However, I can solve this by wrapping *any* code that uses NDB objects with @tasklets.toplevel. The documentation mentions this only in the context of being useful for tasklet code, but honestly, I believe this should be run for *ALL* code that uses NDB libraries. In fact, given the nature of what it does, I honestly think it should be done in a wrapper around the wsgi library in the appengine runtime, similar to what is done with the threadlocal variables in appengine.runtime’s management of request_environment.current_request.

I’ve had hourly/bi-hourly outages for the past week on my site as I relied on NDB more, and made my objects larger, not realizing the consequences of this. I had to ssh into my managed VMs to have any context for wtf was going on, and spot kswapd doing it’s damage. And then spend a lot of time poring over gc object output (objgraph.py proved helpful, but working with the gc in a multithreaded environment proved tricky to get useful data).

te...@gmail.com <te...@gmail.com> #53Feb 25, 2015 11:33AM

Is @tasklets.toplevel distinct from @ndb.toplevel? Because I have all my wsgi entry points wrapped with @ndb.toplevel and I still see the memory issue.

ml...@gmail.com <ml...@gmail.com> #54Feb 25, 2015 11:46AM

Sorry, I should have said @ndb.toplevel, which is the external API. Internally it is tasklets.py's toplevel decorator, but I've been staring at the library source code for too long and called it by the internal location...

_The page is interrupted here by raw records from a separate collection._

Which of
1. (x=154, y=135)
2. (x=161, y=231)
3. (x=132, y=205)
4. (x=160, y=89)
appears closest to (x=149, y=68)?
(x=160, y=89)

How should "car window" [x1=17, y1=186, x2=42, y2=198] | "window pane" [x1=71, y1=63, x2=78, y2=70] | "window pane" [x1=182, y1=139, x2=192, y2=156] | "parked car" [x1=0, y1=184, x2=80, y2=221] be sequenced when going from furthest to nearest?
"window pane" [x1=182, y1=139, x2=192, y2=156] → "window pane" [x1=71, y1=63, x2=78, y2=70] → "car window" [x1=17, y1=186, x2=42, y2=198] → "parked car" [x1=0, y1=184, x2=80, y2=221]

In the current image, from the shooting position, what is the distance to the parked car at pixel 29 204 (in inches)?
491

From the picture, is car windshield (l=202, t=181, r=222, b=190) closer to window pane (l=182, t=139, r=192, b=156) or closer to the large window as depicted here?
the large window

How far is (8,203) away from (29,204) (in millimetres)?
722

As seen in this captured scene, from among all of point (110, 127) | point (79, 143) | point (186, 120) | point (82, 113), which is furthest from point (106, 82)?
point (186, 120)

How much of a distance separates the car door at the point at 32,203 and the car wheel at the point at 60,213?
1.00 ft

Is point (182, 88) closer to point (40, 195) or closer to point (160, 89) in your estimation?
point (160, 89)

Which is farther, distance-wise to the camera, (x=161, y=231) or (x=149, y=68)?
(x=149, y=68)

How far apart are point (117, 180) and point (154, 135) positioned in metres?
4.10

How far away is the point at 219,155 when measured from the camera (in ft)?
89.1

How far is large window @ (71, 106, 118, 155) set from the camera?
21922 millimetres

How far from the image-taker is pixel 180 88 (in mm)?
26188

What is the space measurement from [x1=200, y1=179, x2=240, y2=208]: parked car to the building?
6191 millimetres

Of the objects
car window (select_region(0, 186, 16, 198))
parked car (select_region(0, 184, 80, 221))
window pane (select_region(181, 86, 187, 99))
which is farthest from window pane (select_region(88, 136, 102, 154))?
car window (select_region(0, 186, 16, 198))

When you say you still see "the memory issue", which issue are you referring to? See Jose M's note above for context. He says fetch_page() has bugs. And he acknowledges [5] that a single request can still blow up due to the in-context cache (and trigger the soft and/or hard memory limits that cause appengine to kill your task). My issue described above is distinct from both of those.

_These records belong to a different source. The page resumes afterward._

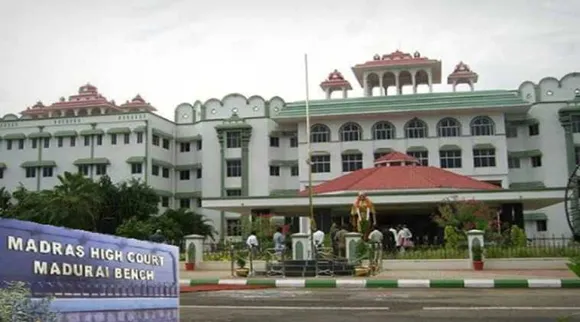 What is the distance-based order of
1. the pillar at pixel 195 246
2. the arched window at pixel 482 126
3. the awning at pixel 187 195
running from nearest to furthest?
the pillar at pixel 195 246
the arched window at pixel 482 126
the awning at pixel 187 195

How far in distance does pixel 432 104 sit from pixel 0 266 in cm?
4205

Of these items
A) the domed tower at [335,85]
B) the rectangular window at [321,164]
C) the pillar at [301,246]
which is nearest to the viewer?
the pillar at [301,246]

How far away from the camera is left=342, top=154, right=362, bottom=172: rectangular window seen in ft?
146

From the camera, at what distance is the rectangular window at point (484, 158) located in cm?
4294

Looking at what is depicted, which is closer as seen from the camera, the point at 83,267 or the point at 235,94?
the point at 83,267

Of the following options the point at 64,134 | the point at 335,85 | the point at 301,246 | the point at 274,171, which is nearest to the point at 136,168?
the point at 64,134

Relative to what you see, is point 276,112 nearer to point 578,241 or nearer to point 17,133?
point 17,133

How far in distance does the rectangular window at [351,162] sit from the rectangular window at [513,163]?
10.4 metres

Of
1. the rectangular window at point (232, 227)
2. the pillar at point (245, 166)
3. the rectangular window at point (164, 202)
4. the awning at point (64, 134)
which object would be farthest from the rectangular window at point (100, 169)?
the pillar at point (245, 166)

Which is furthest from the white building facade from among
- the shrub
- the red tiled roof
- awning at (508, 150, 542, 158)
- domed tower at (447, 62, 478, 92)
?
the shrub

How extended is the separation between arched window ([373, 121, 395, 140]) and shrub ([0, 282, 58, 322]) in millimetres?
41884

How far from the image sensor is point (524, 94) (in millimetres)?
45906

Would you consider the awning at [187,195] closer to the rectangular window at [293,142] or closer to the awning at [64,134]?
the rectangular window at [293,142]

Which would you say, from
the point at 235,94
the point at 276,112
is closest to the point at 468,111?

My issue appears more like a slow memory leak over time, and is referring to memory retention of NDB objects across within each thread in a Managed VM environment. It *may* also apply to the shared environment of traditional appengine, but I can't really introspect what that runtime does very well, so can't make any strong statements about whether it applies there.

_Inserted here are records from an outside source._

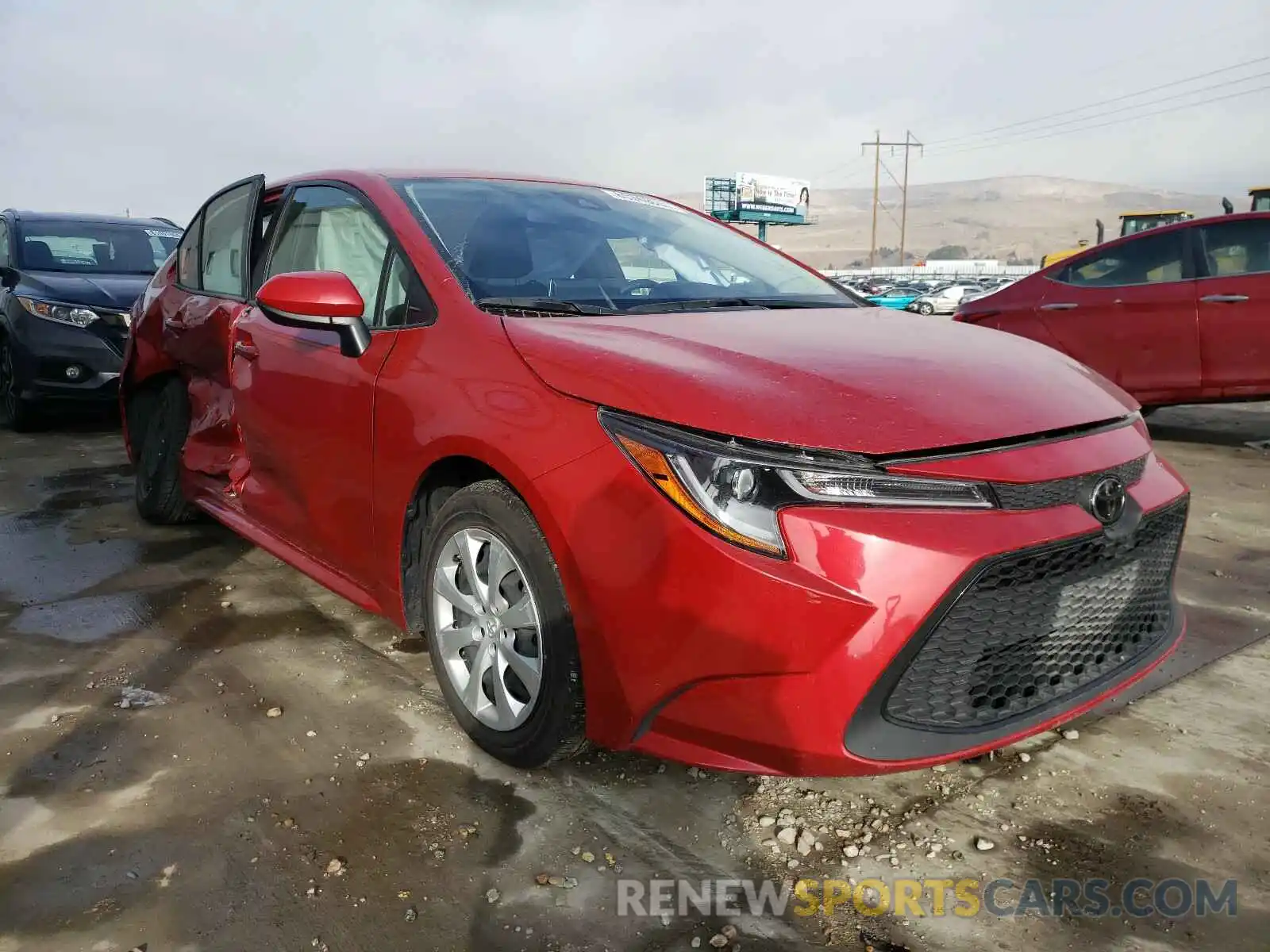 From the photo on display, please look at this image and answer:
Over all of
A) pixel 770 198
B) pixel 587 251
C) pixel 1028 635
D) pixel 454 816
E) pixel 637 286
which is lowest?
pixel 454 816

ml...@gmail.com <ml...@gmail.com> #55Feb 26, 2015 03:52AM

Thanks to a suggestion from Patrick, I realized I can fix my issues mentioned above by using ndb.toplevel itself as a wsgi middleware, which effectively adds ndb.toplevel to every endpoint retrieved by that wsgi app. In appengine_config.py:

def webapp_add_wsgi_middleware(app):
# Note: I haven't verified, but this may flatten chunked-responses into a single response, if you happen to use them in your app.
return ndb.toplevel(app)

This gets 99% of the per-thread state cleaned up and finished properly (including potentially NDB put() operations). If you’re curious in what the last 1% of memory is, it seems to be more thread-locals that stick around in-between requests and grow with O(num-threads). In particular:

1) It seems ndb.toplevel cleans up slightly incorrectly. It does:
set_context(None)
ctx.flush().check_success()
Unfortunately, check_success() itself sets a context again. I see check_success()->wait()->get_event_loop().run1()->(in my app at least...)->_on_future_completion()->_help_tasklet_along(). And _help_tasklet_along() calls get_context() to save the current context away to restore later...but in the process of fetching a get_context() on a None context, it actually creates a new context which will last beyond the end of the request. I believe reversing the order of these two calls should clean out an extra Context, which saves the associated datastore_rpc.Connection, datastore_rpc.Configuration, ModelAdapter, 7 AutoBatchers, and perhaps more. That Context will be thrown away on the subsequent request anyway, so really there's no use in creating it.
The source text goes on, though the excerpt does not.